Pour yourself a second cup of coffee and I’ll tell you about my recent brush with the law. Murphy’s Law, that is. It happened early in duck season, when my son, Jeff, and I were jump-shooting on a stream that wandered serpentine through swampy woodlands. Owing to the uncanny timing of the event, which lasted only a few seconds, all I could do afterward was shake my head and wonder.
With Jeff riding shotgun in the bow, I sculled the canoe quietly, using turns and outcroppings of willows, reeds and pickerelweed for concealment. We weren’t far along when, from behind a leafy curtain of willows, several wood ducks rose with a watery rush of wings. At the report of Jeff’s shotgun, the nearest of the “woodies” fell to the water and floated head-down. Shortly thereafter Jeff dropped another wood duck that flushed from an oak-shadowed cut to our left. With that we went ashore and changed positions.
Directly, however, the stream widened and straightened, enabling ducks to see us and flush out of range. Not that it mattered. I was content with taking mental pictures of the autumnal “streamscape” and studying the selective cutting of beavers. So it went until the bridge where our hunt would end came into view about 150 yards ahead. In this case, however, the end was the beginning. Moments later, a hen wood duck swam nervously from behind a sprawl of pickerelweed only a few canoe lengths away. Raising my shotgun, I waited for the duck to fly — and in the interim heard a car approaching the bridge. It couldn’t have been planned more per-fectly. When the duck eventually flushed it flew straightaway toward the bridge where the car — probably the only one to pass that way that morning — was crossing at precisely the same time. Consequently, I didn’t shoot for fear of peppering the car with No. 4 shot. Though the average effective range of a shotgun firing birdshot is 50 yards, give or take, the overall range is much farther, 200 yards at least.
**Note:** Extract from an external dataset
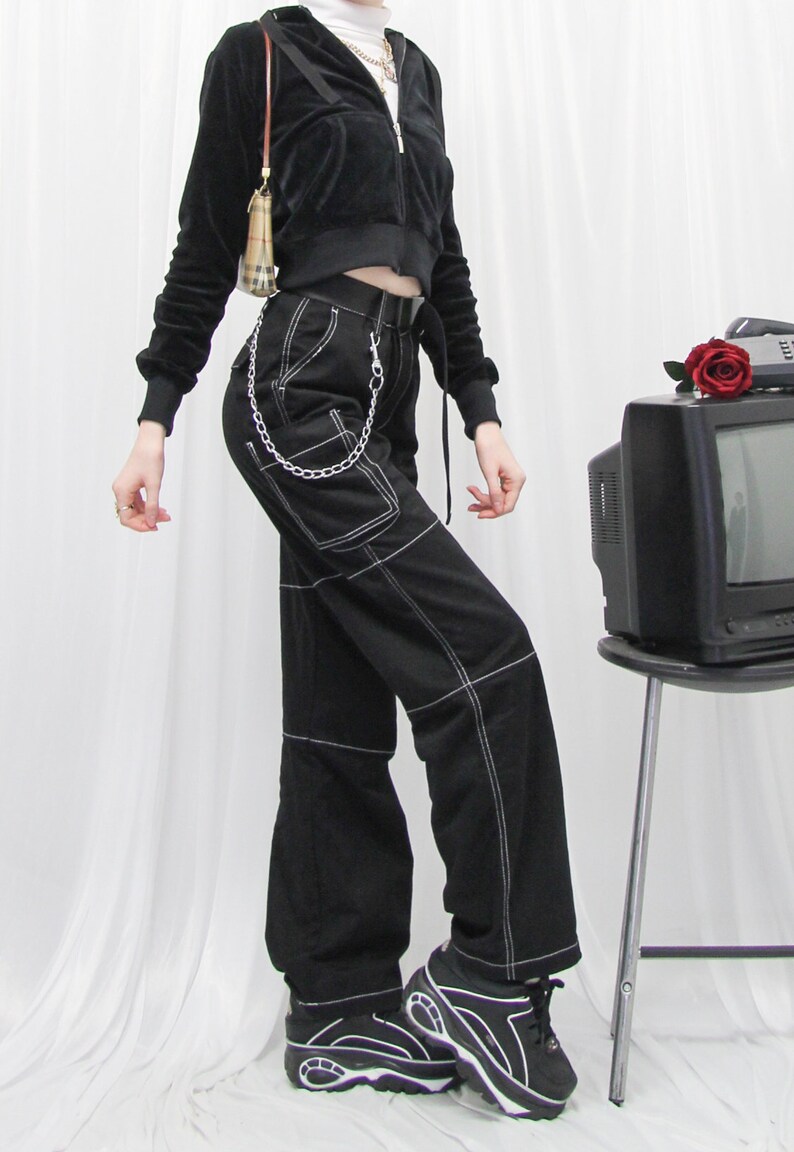 tracksuit dame velour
Ask duck hunters who have been showered with shot fired from across marshes.
I can’t imagine the embarrassment I’d suffer if I had recklessly shot and hit the car. Let alone the outrage of the driver. But I can imagine my embarrassment being exacerbated by newspapers and newscasts announcing “Outdoors writer shoots car while duck hunting.” Murphy’s Law wouldn’t have it any other way.